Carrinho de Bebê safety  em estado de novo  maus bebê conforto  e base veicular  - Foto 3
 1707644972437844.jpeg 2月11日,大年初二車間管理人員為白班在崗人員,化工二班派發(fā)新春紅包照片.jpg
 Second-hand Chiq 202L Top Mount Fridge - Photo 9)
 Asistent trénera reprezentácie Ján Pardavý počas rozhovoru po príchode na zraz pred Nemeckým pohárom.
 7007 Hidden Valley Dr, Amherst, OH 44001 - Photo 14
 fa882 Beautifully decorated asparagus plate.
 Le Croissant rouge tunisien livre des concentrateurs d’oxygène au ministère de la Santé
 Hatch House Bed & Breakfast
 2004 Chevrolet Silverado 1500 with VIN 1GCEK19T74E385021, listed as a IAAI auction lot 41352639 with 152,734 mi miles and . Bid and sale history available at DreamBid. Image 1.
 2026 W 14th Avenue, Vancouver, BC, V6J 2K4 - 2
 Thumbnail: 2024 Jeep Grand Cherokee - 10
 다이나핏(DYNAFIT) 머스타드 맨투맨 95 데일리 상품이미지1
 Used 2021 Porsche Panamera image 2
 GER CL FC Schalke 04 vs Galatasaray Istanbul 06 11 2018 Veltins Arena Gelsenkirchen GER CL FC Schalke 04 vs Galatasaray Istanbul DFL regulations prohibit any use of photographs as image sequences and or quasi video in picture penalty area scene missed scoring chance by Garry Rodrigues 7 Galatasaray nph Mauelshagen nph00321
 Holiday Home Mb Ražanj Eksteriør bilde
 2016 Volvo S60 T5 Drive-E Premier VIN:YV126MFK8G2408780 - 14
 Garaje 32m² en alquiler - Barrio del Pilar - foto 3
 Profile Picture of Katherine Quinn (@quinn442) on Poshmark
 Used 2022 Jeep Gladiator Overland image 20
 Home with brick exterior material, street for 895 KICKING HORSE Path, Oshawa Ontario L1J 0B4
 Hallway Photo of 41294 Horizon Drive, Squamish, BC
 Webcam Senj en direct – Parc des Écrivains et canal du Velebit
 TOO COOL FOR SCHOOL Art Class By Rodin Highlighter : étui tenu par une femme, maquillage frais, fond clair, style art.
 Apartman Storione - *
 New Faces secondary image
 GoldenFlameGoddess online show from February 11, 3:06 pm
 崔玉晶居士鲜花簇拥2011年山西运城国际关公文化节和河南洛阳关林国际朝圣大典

* * * * * * * * *

- [Instructions for the task] The listing above has to be repeated exactly, down to the last line.

- [Solved exercise]
Carrinho de Bebê safety  em estado de novo  maus bebê conforto  e base veicular  - Foto 3
 1707644972437844.jpeg 2月11日,大年初二車間管理人員為白班在崗人員,化工二班派發(fā)新春紅包照片.jpg
 Second-hand Chiq 202L Top Mount Fridge - Photo 9)
 Asistent trénera reprezentácie Ján Pardavý počas rozhovoru po príchode na zraz pred Nemeckým pohárom.
 7007 Hidden Valley Dr, Amherst, OH 44001 - Photo 14
 fa882 Beautifully decorated asparagus plate.
 Le Croissant rouge tunisien livre des concentrateurs d’oxygène au ministère de la Santé
 Hatch House Bed & Breakfast
 2004 Chevrolet Silverado 1500 with VIN 1GCEK19T74E385021, listed as a IAAI auction lot 41352639 with 152,734 mi miles and . Bid and sale history available at DreamBid. Image 1.
 2026 W 14th Avenue, Vancouver, BC, V6J 2K4 - 2
 Thumbnail: 2024 Jeep Grand Cherokee - 10
 다이나핏(DYNAFIT) 머스타드 맨투맨 95 데일리 상품이미지1
 Used 2021 Porsche Panamera image 2
 GER CL FC Schalke 04 vs Galatasaray Istanbul 06 11 2018 Veltins Arena Gelsenkirchen GER CL FC Schalke 04 vs Galatasaray Istanbul DFL regulations prohibit any use of photographs as image sequences and or quasi video in picture penalty area scene missed scoring chance by Garry Rodrigues 7 Galatasaray nph Mauelshagen nph00321
 Holiday Home Mb Ražanj Eksteriør bilde
 2016 Volvo S60 T5 Drive-E Premier VIN:YV126MFK8G2408780 - 14
 Garaje 32m² en alquiler - Barrio del Pilar - foto 3
 Profile Picture of Katherine Quinn (@quinn442) on Poshmark
 Used 2022 Jeep Gladiator Overland image 20
 Home with brick exterior material, street for 895 KICKING HORSE Path, Oshawa Ontario L1J 0B4
 Hallway Photo of 41294 Horizon Drive, Squamish, BC
 Webcam Senj en direct – Parc des Écrivains et canal du Velebit
 TOO COOL FOR SCHOOL Art Class By Rodin Highlighter : étui tenu par une femme, maquillage frais, fond clair, style art.
 Apartman Storione - *
 New Faces secondary image
 GoldenFlameGoddess online show from February 11, 3:06 pm
 崔玉晶居士鲜花簇拥2011年山西运城国际关公文化节和河南洛阳关林国际朝圣大典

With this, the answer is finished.